[[ GIVEN RECORDS open ]]

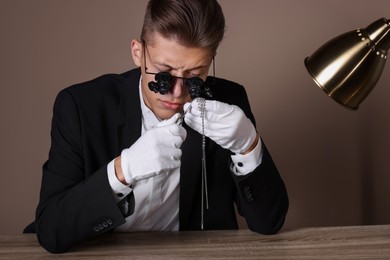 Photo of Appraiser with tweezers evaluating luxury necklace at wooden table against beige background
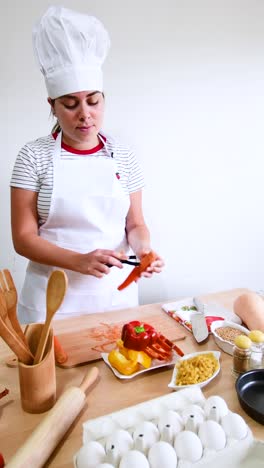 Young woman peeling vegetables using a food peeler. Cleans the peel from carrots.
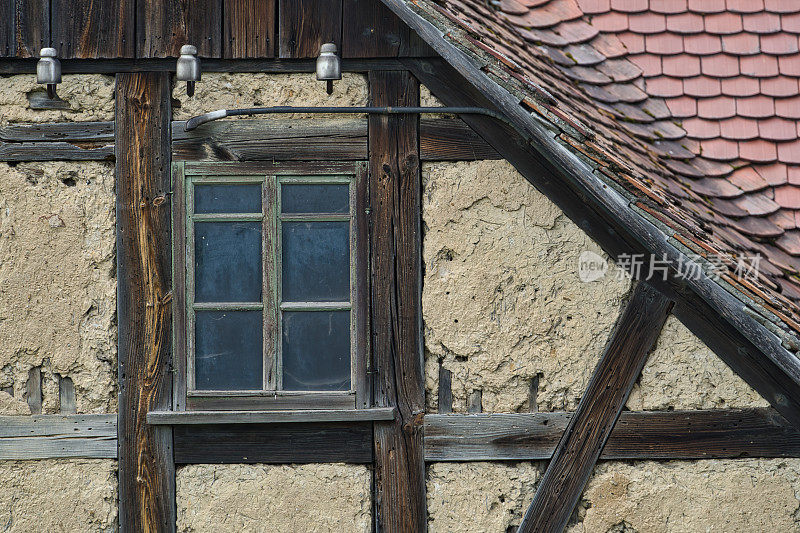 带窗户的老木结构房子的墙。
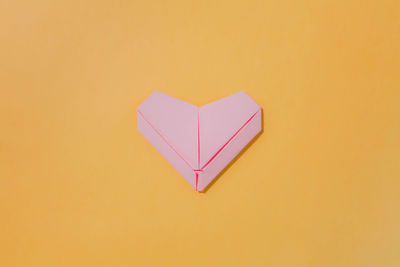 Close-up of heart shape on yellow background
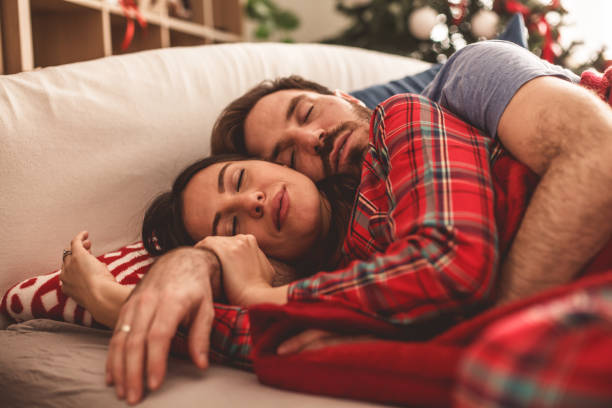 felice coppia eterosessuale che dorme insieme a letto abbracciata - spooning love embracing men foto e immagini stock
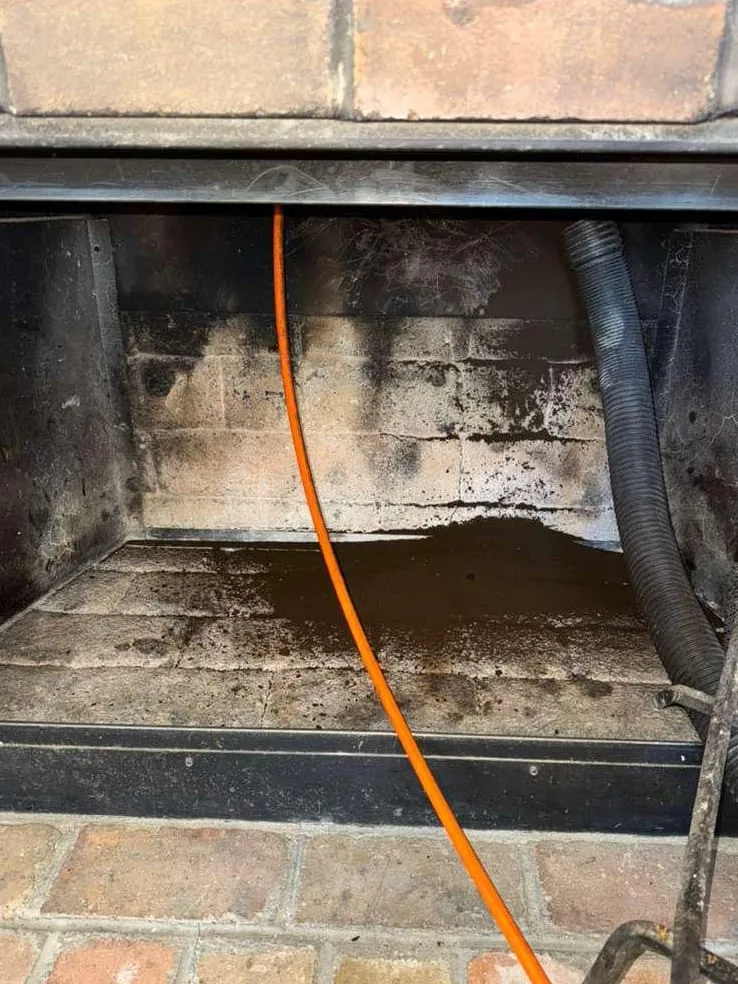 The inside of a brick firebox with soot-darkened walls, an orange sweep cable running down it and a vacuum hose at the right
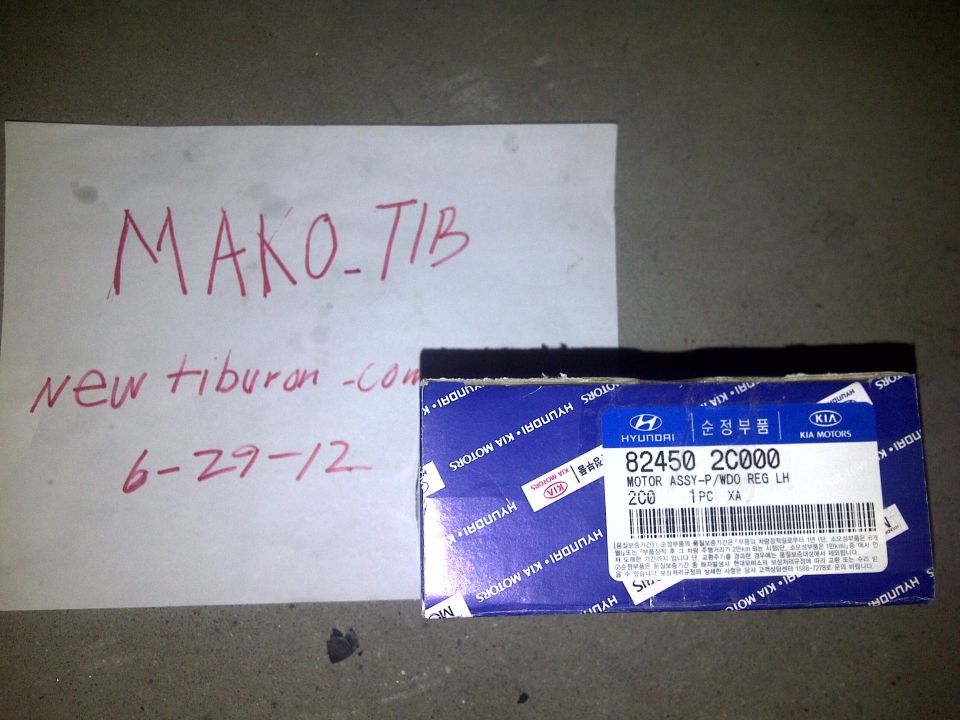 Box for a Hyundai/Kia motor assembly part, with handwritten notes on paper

[[ GIVEN RECORDS closed ]]

### REQUIREMENT
Omitting all pictures, give the preceding listing again exactly.

### REPLY
 Photo of Appraiser with tweezers evaluating luxury necklace at wooden table against beige background
 Young woman peeling vegetables using a food peeler. Cleans the peel from carrots.
 带窗户的老木结构房子的墙。
 Close-up of heart shape on yellow background
 felice coppia eterosessuale che dorme insieme a letto abbracciata - spooning love embracing men foto e immagini stock
 The inside of a brick firebox with soot-darkened walls, an orange sweep cable running down it and a vacuum hose at the right
 Box for a Hyundai/Kia motor assembly part, with handwritten notes on paper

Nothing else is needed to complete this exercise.